きょうはこんな日でした ごまめのはぎしり

  kumogakure  
 
 
「クモガクレ」
Calumia godeffroyi
カワアナゴ科

2003.5.18()

 埼玉詩人会主催の「埼玉詩祭」に行ってきました。場所は何度か行ったことのある「さいたま芸術劇場」です。相変わらず最寄の与野本町駅はきれいでしたね。ちょっと早めに着いたのであちこちを散策しました。駅前は薔薇が満開で、近くのお寺も風情がありました。何度行っても良い処だと思います。

 詩祭のメインは第9回埼玉詩人賞贈呈式。今年はなんと鈴木東海子さんが受賞しました。東海子さんって、とっくに貰っていると思っていましたから、ちょっと驚きでした。本当に東海子さんは奥ゆかしい
^_^;
 東海子さんの紹介は井坂洋子さん。紹介されてちょっとだけお話ししましたけど、彼女は私とまったくの同じ歳なんですね。それにしては若く見えるなぁ。昔はもっと若かったのよ、なんて言ってたけど、当り前だよね。

  030518

 写真は井坂さんですけど、実は何とか見られる写真はこれしか撮れなかったのです。席が後の方でしたので望遠を使ったのですが、やはりデジカメの望遠はダメだねぇ。シャッタースピードが遅くなって手ブレを吸収し切れない。本当はもっと美人なんだと付け加えておきます。

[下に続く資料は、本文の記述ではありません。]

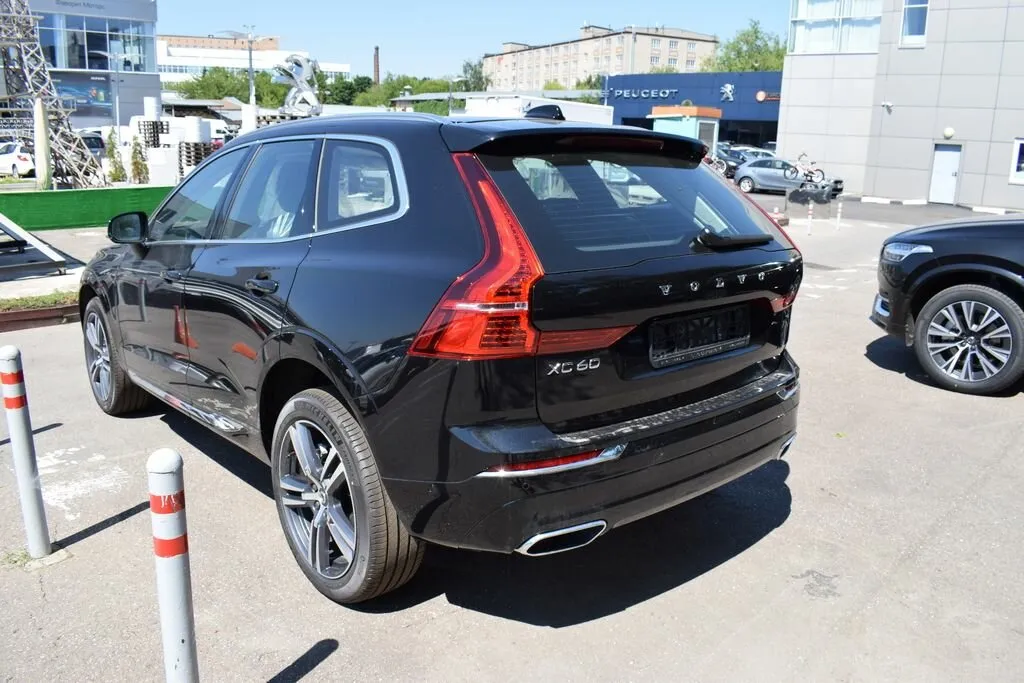 Check price and buy New Volvo XC60 For Sale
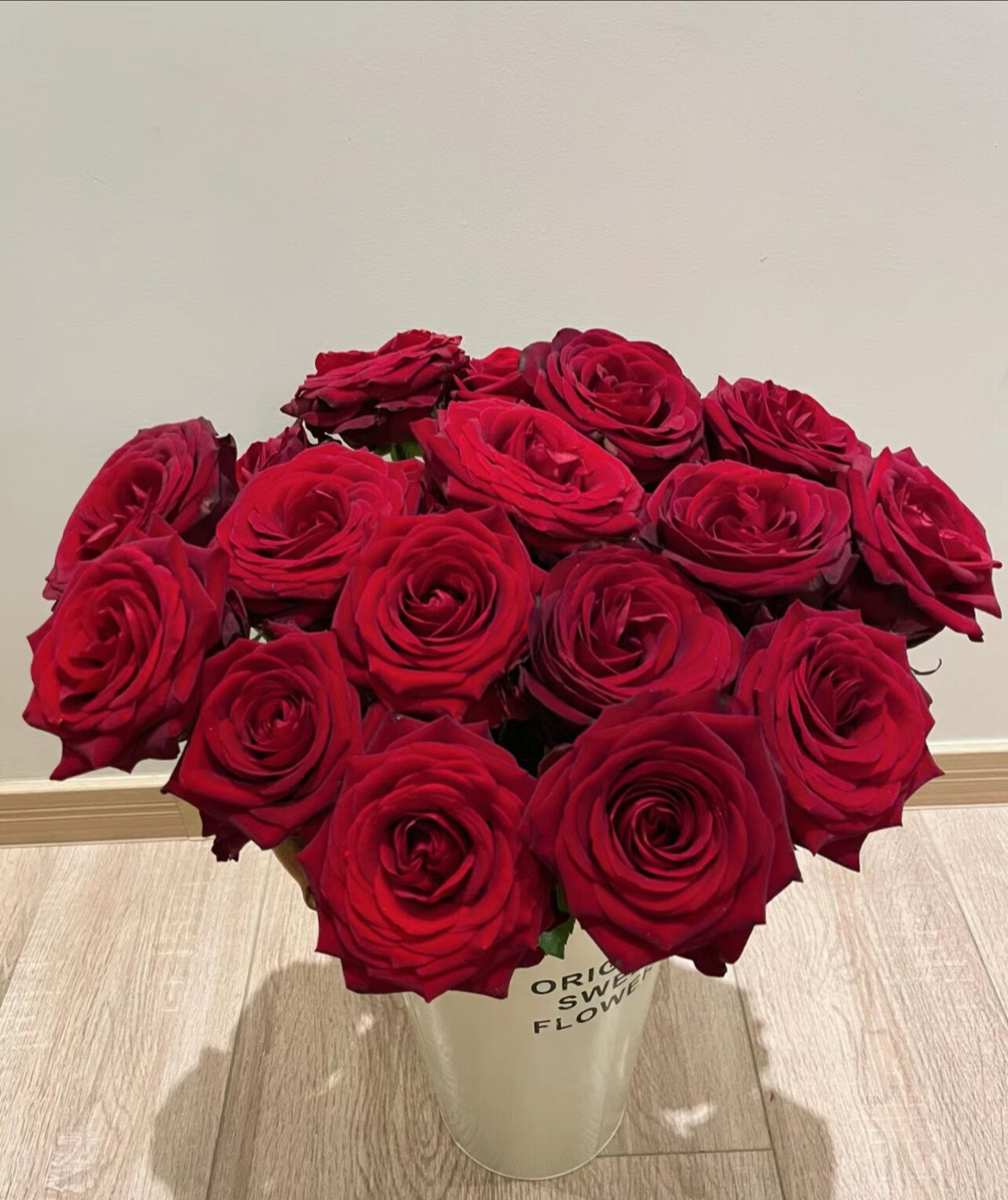 高端基地红玫瑰基地现采现发优质精品娜欧米那欧米纳欧米玫瑰鲜切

 そんな訳で東海子さんもゲストの金子兜太さんの写真もボツ。でも話はおもしろかったですよ。特に金子さんの詩人を意識した俳人としての話は、第二芸術論を根底に置いていましたから、相当力が入っていましたね。とても84歳のおじいさんの話とは思えないほどパワフルでした。

 本日の最大の収穫は、鈴木東海子さんのご主人と二次会で息投合したことです。造型作家なんですね。彼の芸術論はかなり納得できます。歳も同じくらいかな? 同じ時代を生きてきたという感じを受けました。一度、個展に行ってみたいものです。



  文屋順氏詩集『色取り』
  irotori    
 
 
 
 
2003.5.31
東京都東村山市
書肆青樹社刊
2400円+税
 

    27

   その日の非は
   夜になればはっきりする
   絶えず多くの欲望を振り回し
   悪意のどん底をさすらっている
   何のための宿命だろう
   私の生命の鏡に映る胸の内が
   スローモーションで動いている
   予想外の真剣さで
   自由を求める道化師が
   苦しい涙をこぼす時
   その孤影がサーカステントの中で
   遠回りして来た過去を晒し
   遥かな故郷の一本の檜を思い出す
   どんな星の下に生まれてきたのだろう
   明るい夜景を望み
   星の輝きをかろうじて見つけ出す
   どんな星の下に
   私たちは引き寄せられたのだろう
   代わり映えのしない道の上を
   赤く腫れた足の親指を庇いながら
   私は不自然に歩き続け
   凍ってしまった順不同の夢を抱いては
   終わりのない構図の中に身を置いている
   果たして
   私の支えとなる光の天使は存在するのだろうか
   綺麗なネオンの灯りに誘われて
   思わず入ったスナックで
   突然現われる苦しい蹉跌を味わう
   流されては救い出され
   中途半端なまま
   ようやくここまで生きて来た
   後はまずい酒に酔って
   死んだように眠るだけだ

 詩集のタイトルは「色取り」で、個々の作品には1から28までのナンバーが付けられているだけです。一冊の詩集で一篇の詩と見ることもできるでしょう。著者はあとがきで「タイトルは、私の周りにある無色の日々の有り様を色取る意として、『色取り』とした」と述べています。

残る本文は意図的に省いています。